**Description of the task:**
Exactly as written, return the entries below, minus any pictures.

[[ Extracted material open ]]

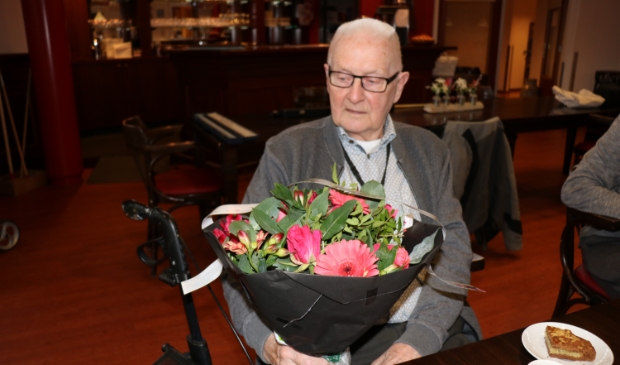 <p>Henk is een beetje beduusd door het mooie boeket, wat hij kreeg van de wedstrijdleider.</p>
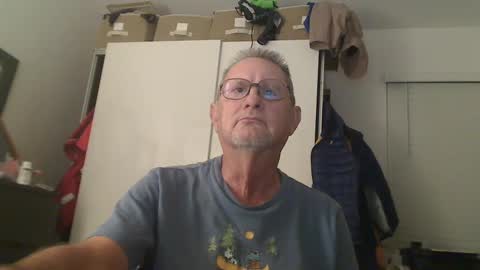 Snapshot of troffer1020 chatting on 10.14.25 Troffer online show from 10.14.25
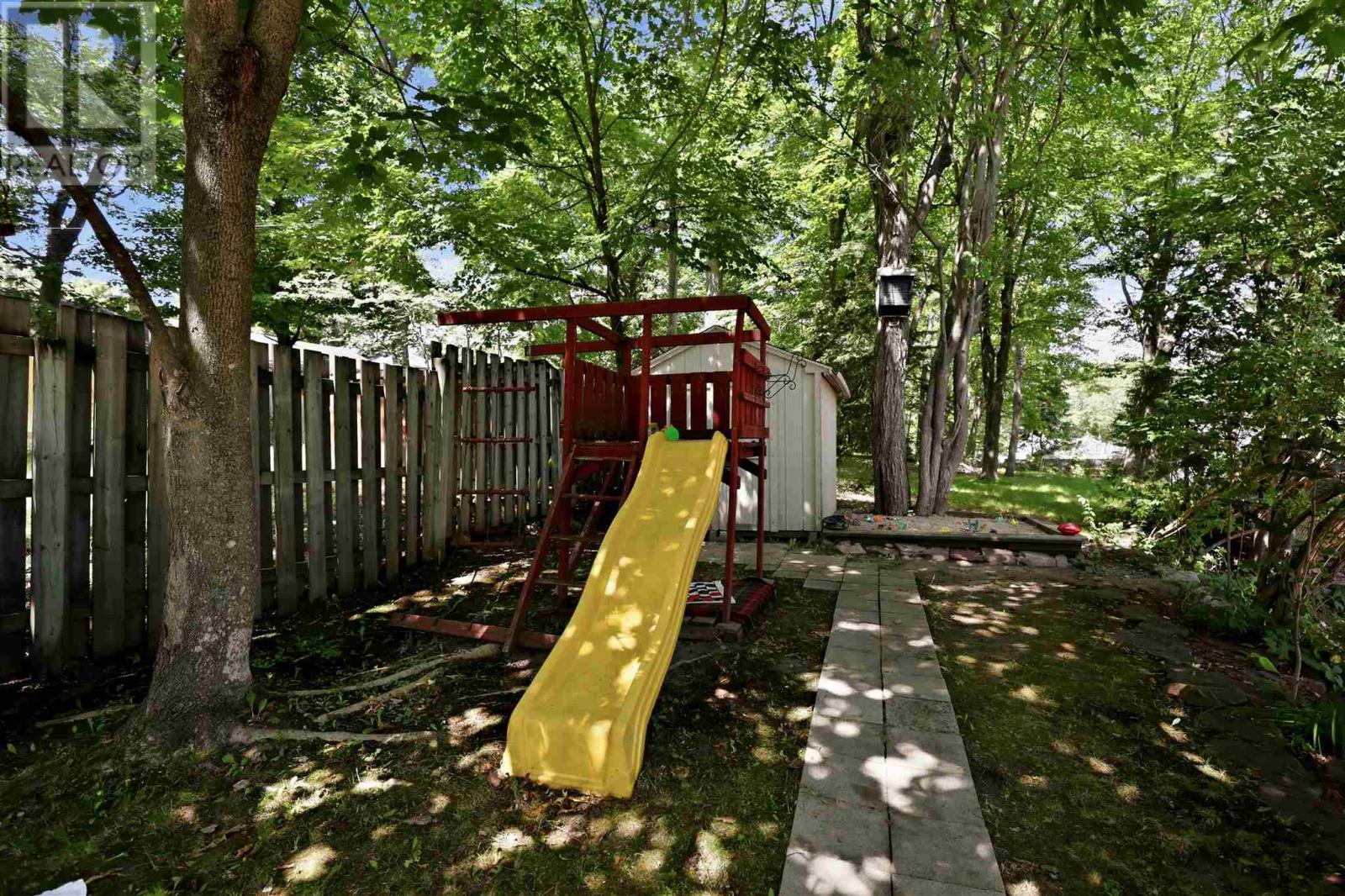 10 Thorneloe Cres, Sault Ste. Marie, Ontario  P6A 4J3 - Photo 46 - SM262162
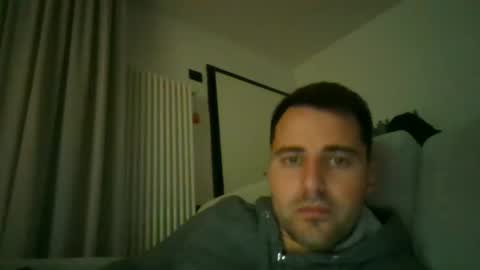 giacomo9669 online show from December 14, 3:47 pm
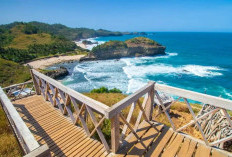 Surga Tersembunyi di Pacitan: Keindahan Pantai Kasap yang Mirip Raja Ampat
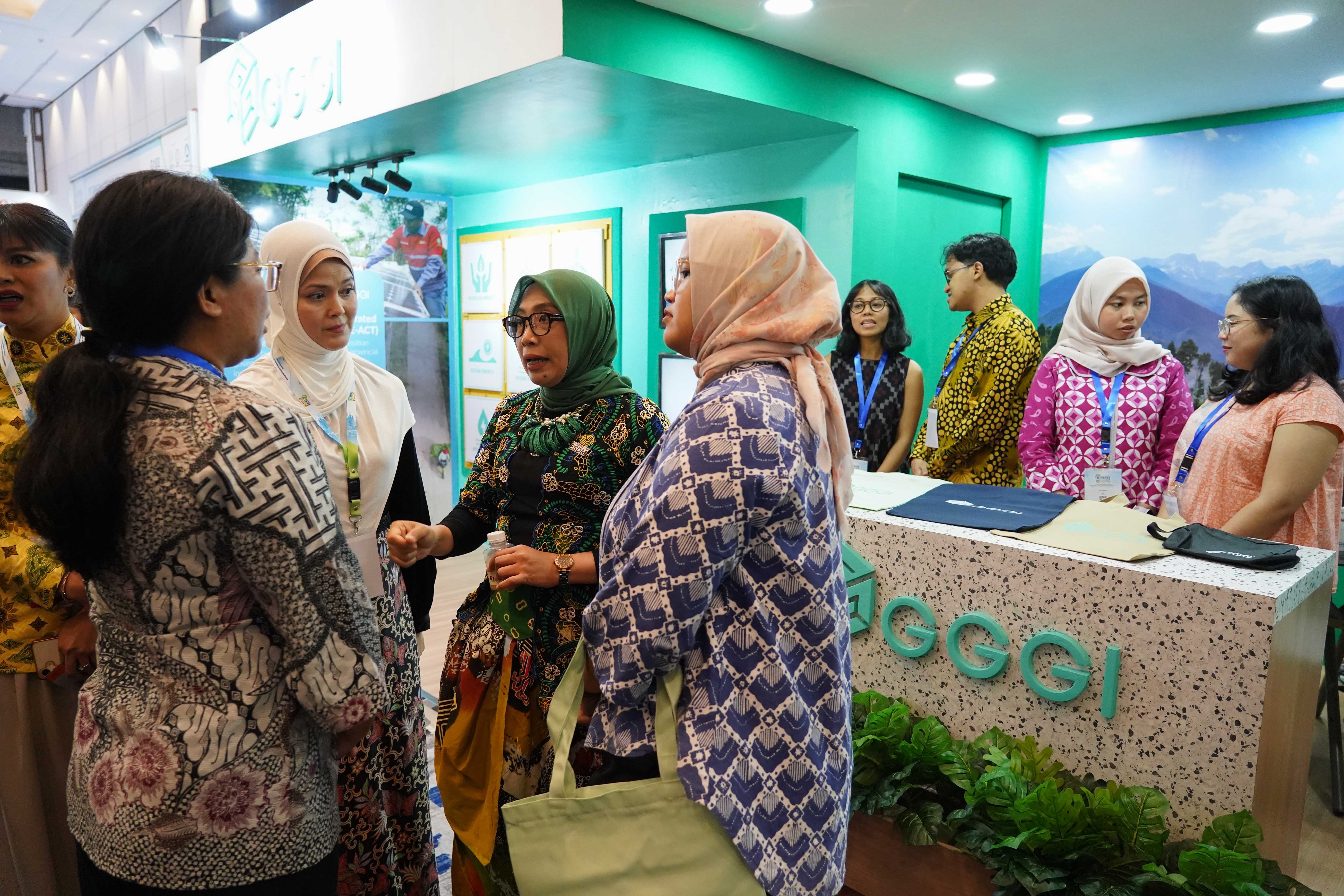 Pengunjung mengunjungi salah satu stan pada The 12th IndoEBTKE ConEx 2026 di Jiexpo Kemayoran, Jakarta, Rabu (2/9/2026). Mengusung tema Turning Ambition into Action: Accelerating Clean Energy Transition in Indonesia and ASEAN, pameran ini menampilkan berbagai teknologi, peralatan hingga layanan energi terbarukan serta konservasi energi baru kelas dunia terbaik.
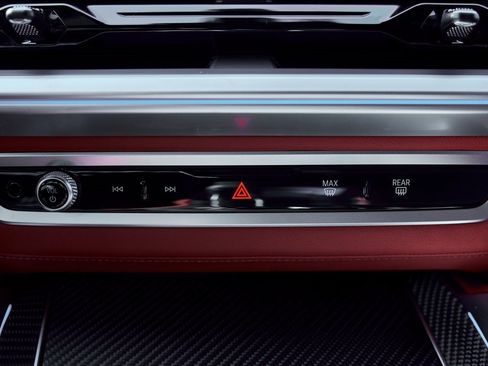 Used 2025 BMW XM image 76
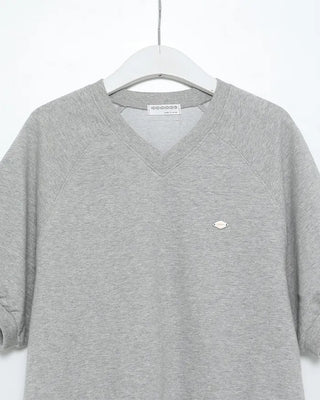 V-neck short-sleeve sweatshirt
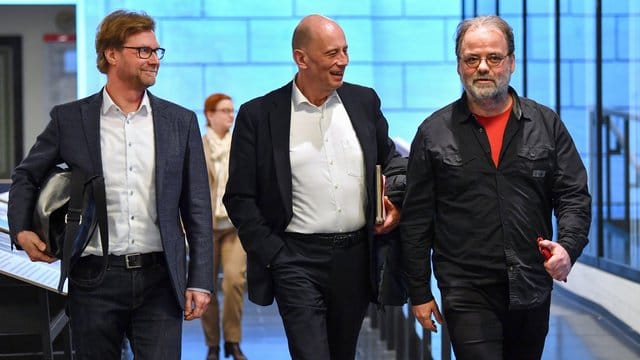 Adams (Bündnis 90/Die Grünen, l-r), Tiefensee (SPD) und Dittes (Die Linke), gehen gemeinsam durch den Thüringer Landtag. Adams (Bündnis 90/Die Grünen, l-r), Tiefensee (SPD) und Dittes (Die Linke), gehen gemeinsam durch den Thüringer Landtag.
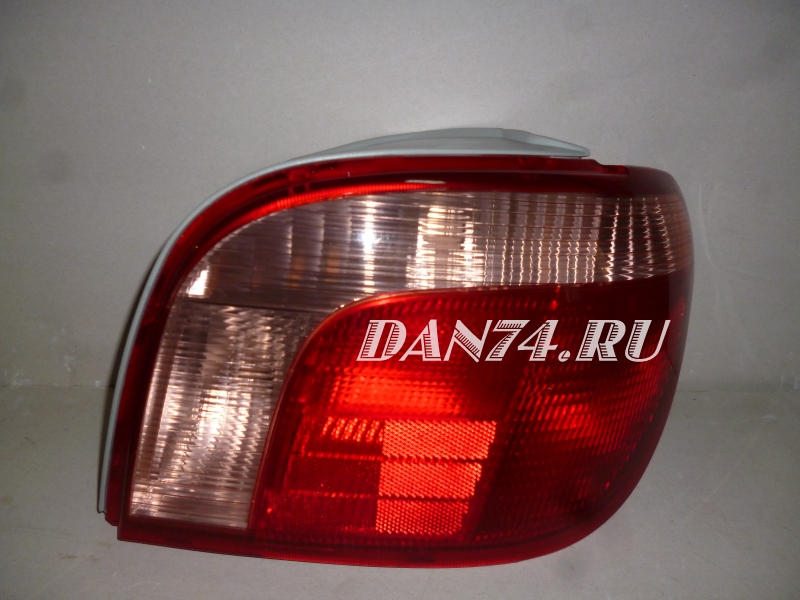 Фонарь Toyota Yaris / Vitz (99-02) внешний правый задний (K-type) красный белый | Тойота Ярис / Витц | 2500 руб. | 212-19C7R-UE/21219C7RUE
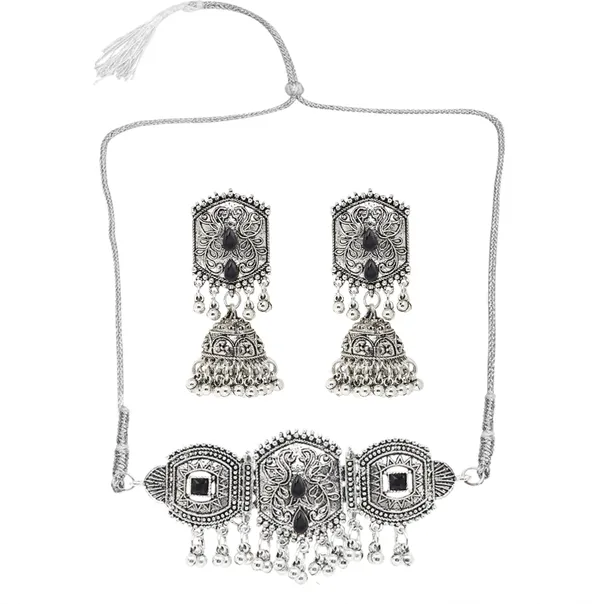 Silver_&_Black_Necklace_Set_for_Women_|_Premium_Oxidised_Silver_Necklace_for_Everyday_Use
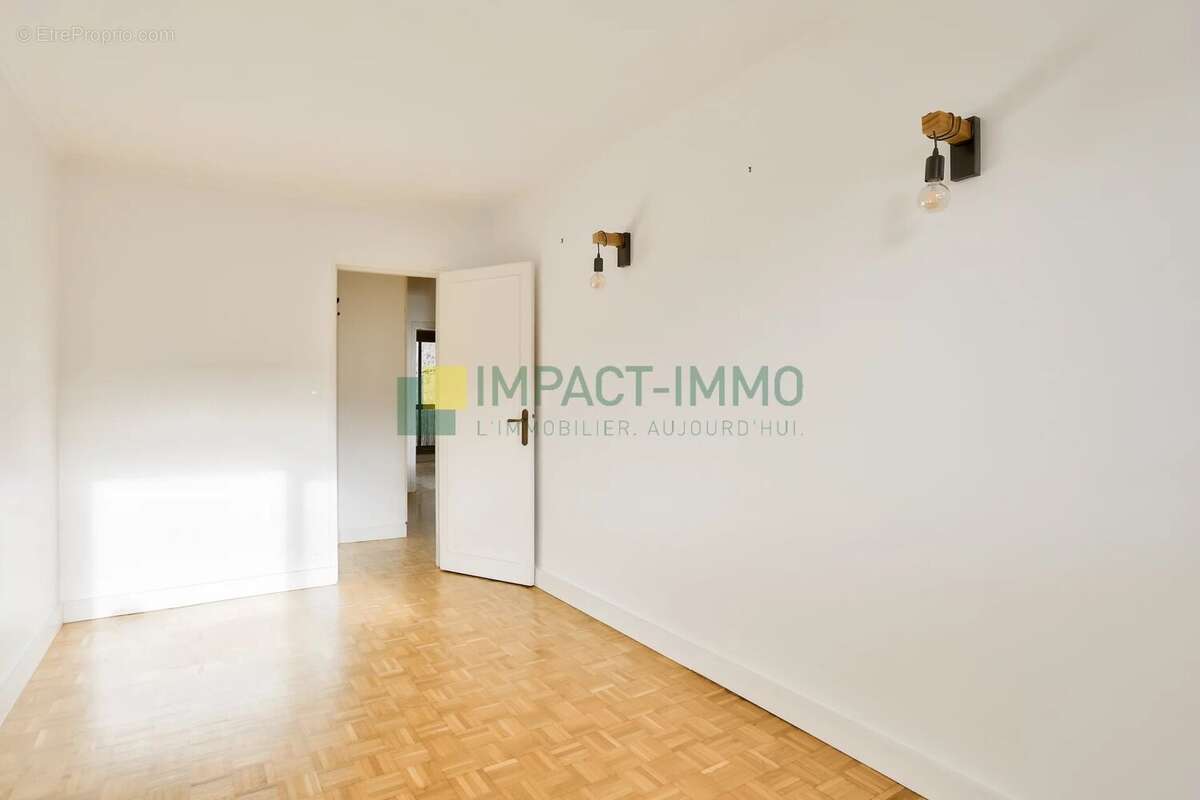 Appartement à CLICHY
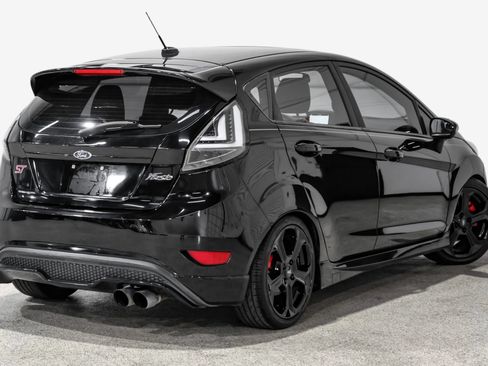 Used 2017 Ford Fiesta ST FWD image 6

[[ Extracted material closed ]]

**Result for this exercise:**
 <p>Henk is een beetje beduusd door het mooie boeket, wat hij kreeg van de wedstrijdleider.</p>
 Snapshot of troffer1020 chatting on 10.14.25 Troffer online show from 10.14.25
 10 Thorneloe Cres, Sault Ste. Marie, Ontario  P6A 4J3 - Photo 46 - SM262162
 giacomo9669 online show from December 14, 3:47 pm
 Surga Tersembunyi di Pacitan: Keindahan Pantai Kasap yang Mirip Raja Ampat
 Pengunjung mengunjungi salah satu stan pada The 12th IndoEBTKE ConEx 2026 di Jiexpo Kemayoran, Jakarta, Rabu (2/9/2026). Mengusung tema Turning Ambition into Action: Accelerating Clean Energy Transition in Indonesia and ASEAN, pameran ini menampilkan berbagai teknologi, peralatan hingga layanan energi terbarukan serta konservasi energi baru kelas dunia terbaik.
 Used 2025 BMW XM image 76
 V-neck short-sleeve sweatshirt
 Adams (Bündnis 90/Die Grünen, l-r), Tiefensee (SPD) und Dittes (Die Linke), gehen gemeinsam durch den Thüringer Landtag. Adams (Bündnis 90/Die Grünen, l-r), Tiefensee (SPD) und Dittes (Die Linke), gehen gemeinsam durch den Thüringer Landtag.
 Фонарь Toyota Yaris / Vitz (99-02) внешний правый задний (K-type) красный белый | Тойота Ярис / Витц | 2500 руб. | 212-19C7R-UE/21219C7RUE
 Silver_&_Black_Necklace_Set_for_Women_|_Premium_Oxidised_Silver_Necklace_for_Everyday_Use
 Appartement à CLICHY
 Used 2017 Ford Fiesta ST FWD image 6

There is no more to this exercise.